BookNotes.blog

I read a fair bit, and increasingly, I’m kind of holding my nose and reading business-oriented books in hopes of leveling up my game as a worker who leads people. A couple of years ago, I might have struggled more with technology challenges in my work, as I was writing code and chiefly leading people who were writing code. About a year-and-a-half ago, I took on a split role in which I was still leading a team of developers but was also leading a handful of leads in our support division (the division under which my developer team worked). In the latter portion of 2017, I switched my full-time focus to leading leads, and at present I have 10 folks under my direct care and about 70 under my care directly or indirectly. This tightening of focus gives me more mental bandwidth to spend on learning how to improve as a leader than I had had previously, when I was also focusing on how to be a producer of software. Now I think a lot more about things like trying to help articulate and execute a vision for the departments I work with, helping navigate change more effectively, designing and implementing programs in the service of professional development for the folks in my overall department, and other abstract things I hadn’t had a lot of prior experience with.

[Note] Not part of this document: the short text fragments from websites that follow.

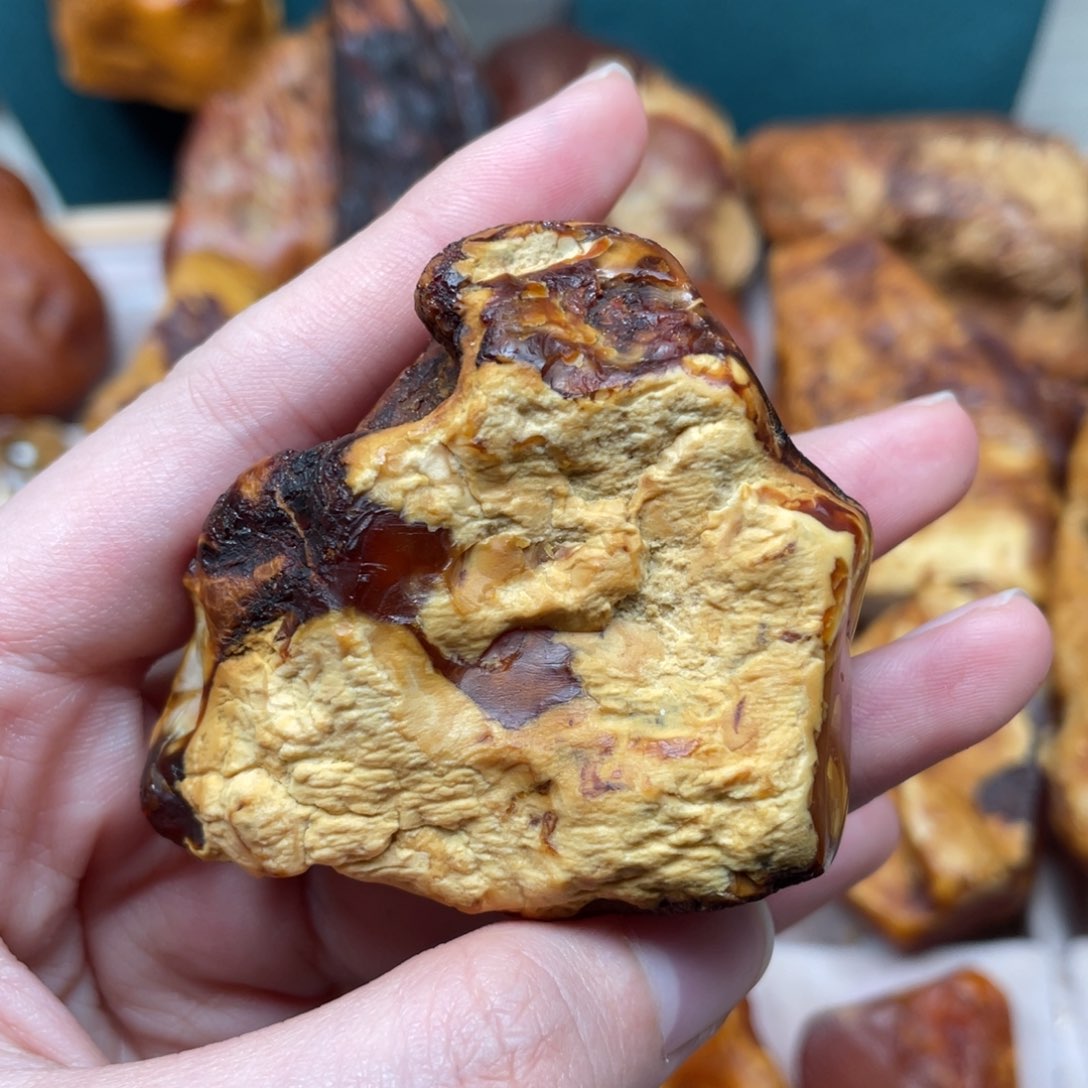 琥珀珠宝奇石未镶嵌大*球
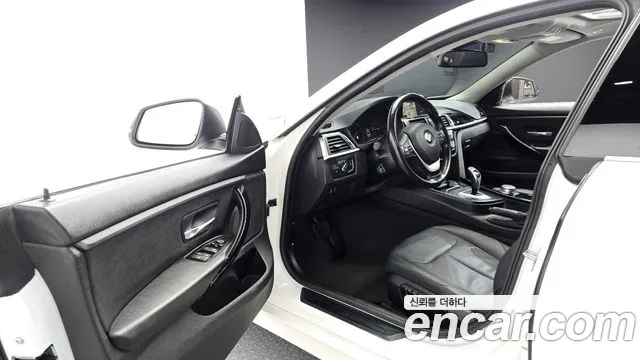 BMW 4-Series 2019 thumb 10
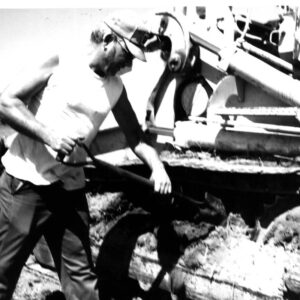 08_27_1975_K._Beck_Farm_Blake_Kirsch_Bulldozer_Maintenance_website-1490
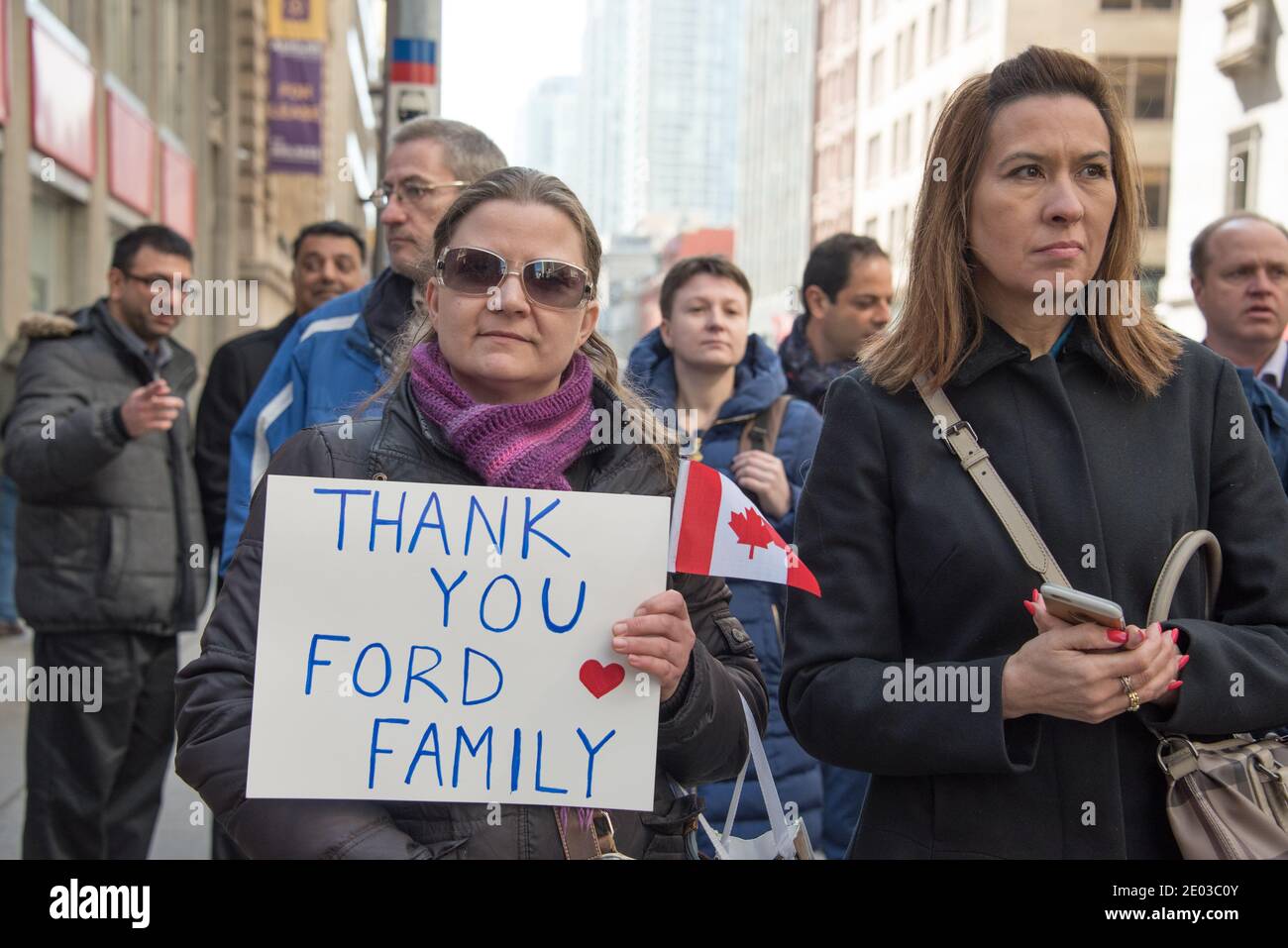 Grand public participant aux funérailles de Rob Ford, Toronto, Canada-mars 2016 Banque D'Images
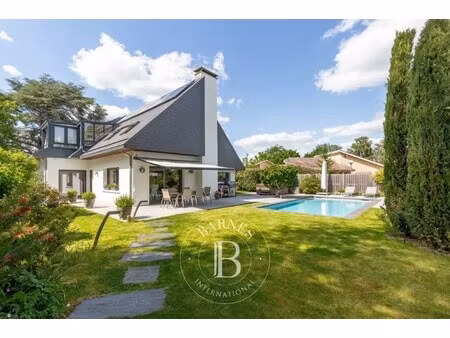 maison de luxe à vendre à fourqueux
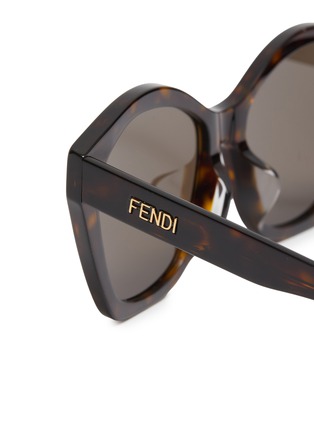 细节 - 点击放大 - FENDI - Lettering Acetate Angular Sunglasses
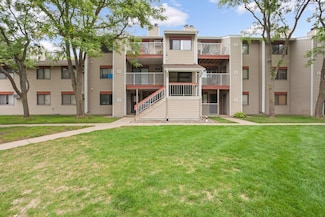 350 Shelard Pkwy Unit 302, Saint Louis Park, MN 55426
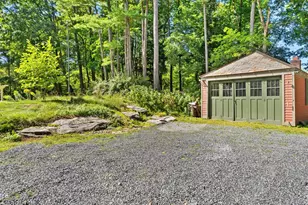 220 Kemble St, Lenox, MA 01240 - Photo 36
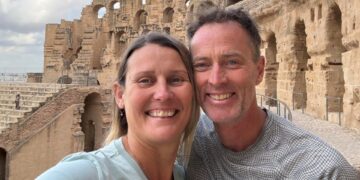 Lindsay y Craig Foreman sonriendo frente a las antiguas ruinas.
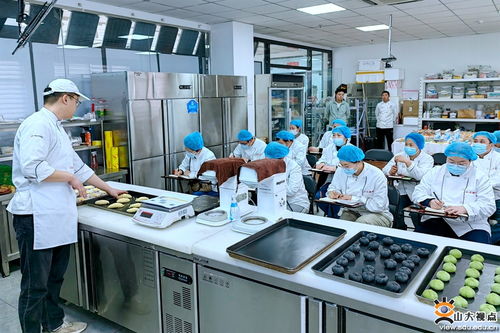 食光煥新，焙香滿園——記飲食中心春夏烘焙新品發(fā)布暨學(xué)生食堂烘焙飲品技能培訓(xùn)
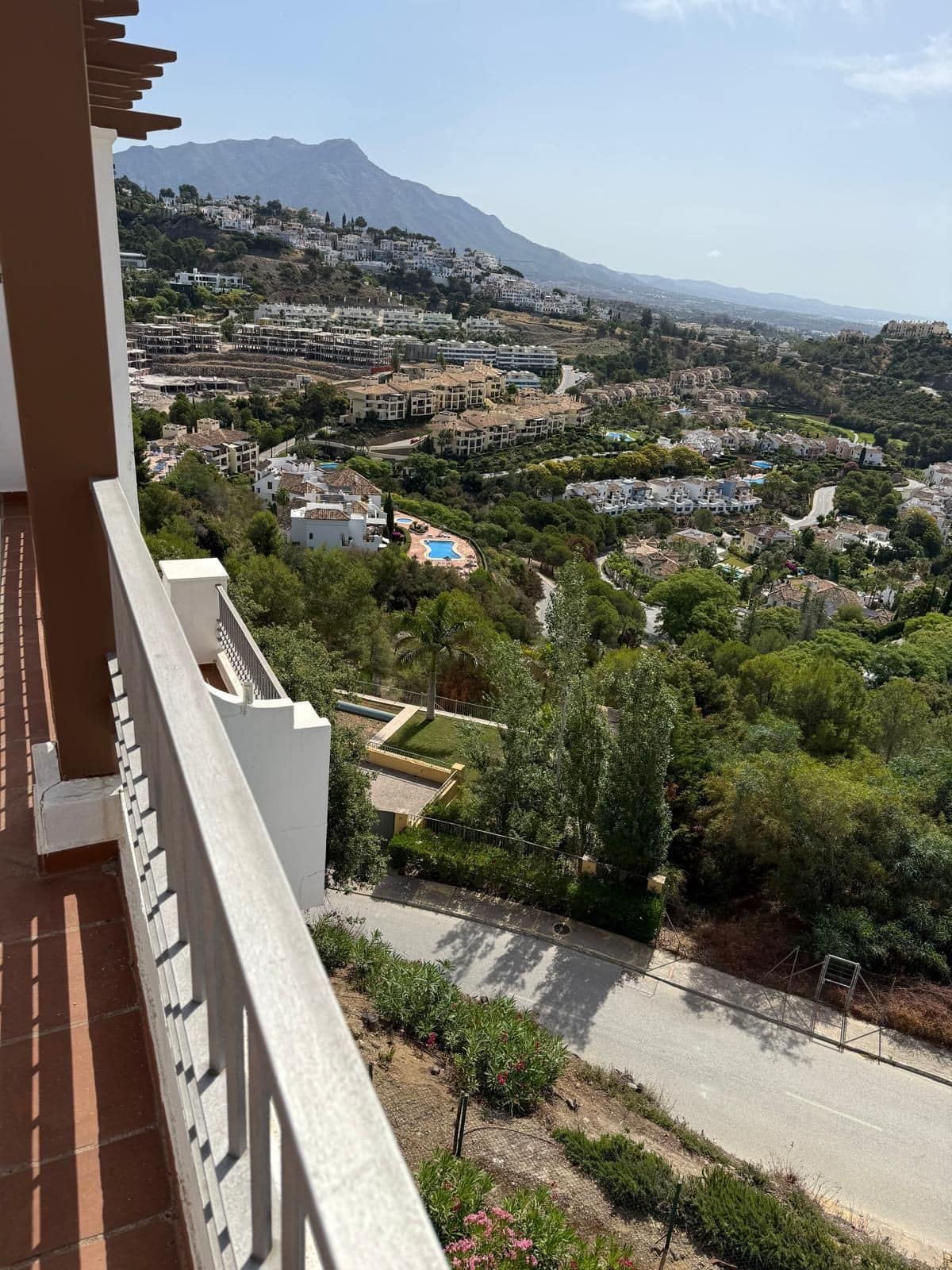 2 bedroom Apartment in Benahavís in Benahavís - foto 8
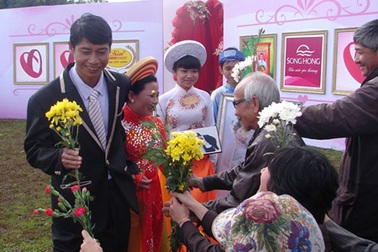 12 cặp đôi khuyết tật, mồ côi và một đám cưới tập thể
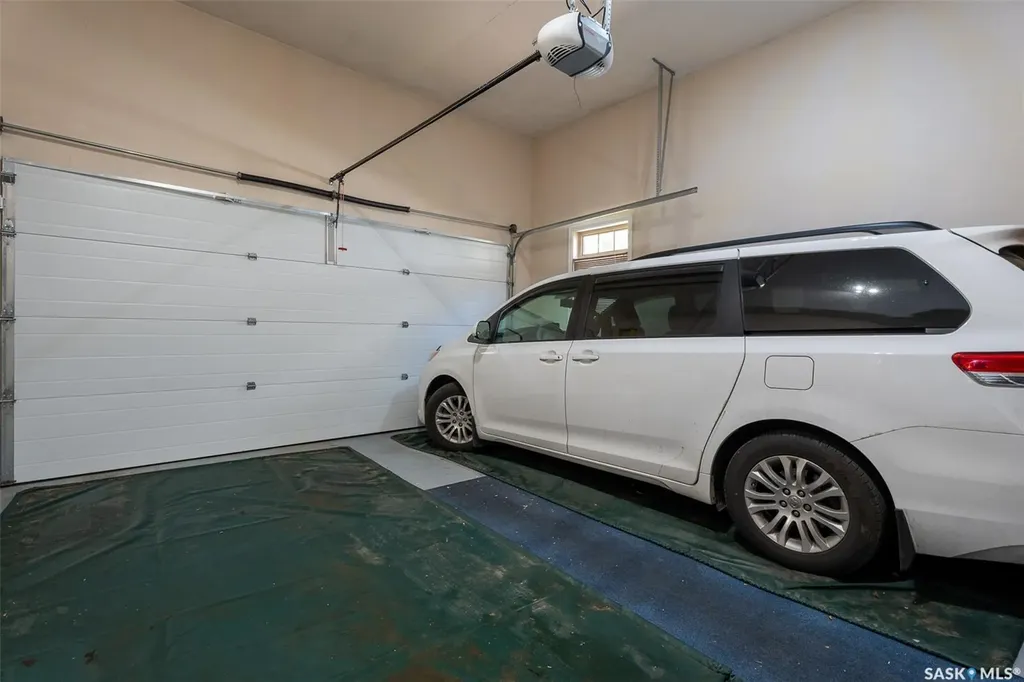 155 Hochelaga Street E Moose Jaw SK S6H 0N8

So I’ve really ramped up my focus on reading business-oriented books. I don’t typically enjoy this kind of writing. I prefer to get lost in an imagined story or to think about the architecture and plumbing — the technique — that goes into making a piece of fiction resonant and innovative or just well put-together. I don’t generally like the tone that self-styled gurus can strike, and I think there’s a lot of this tone in the world of business books. I have tended to find these kinds of books kind of boring, or at any rate inapplicable to my life and thus not useful. Well, now, with a more intense focus on the kind of work these books tend to address, I’m finding the practice of reading them more useful.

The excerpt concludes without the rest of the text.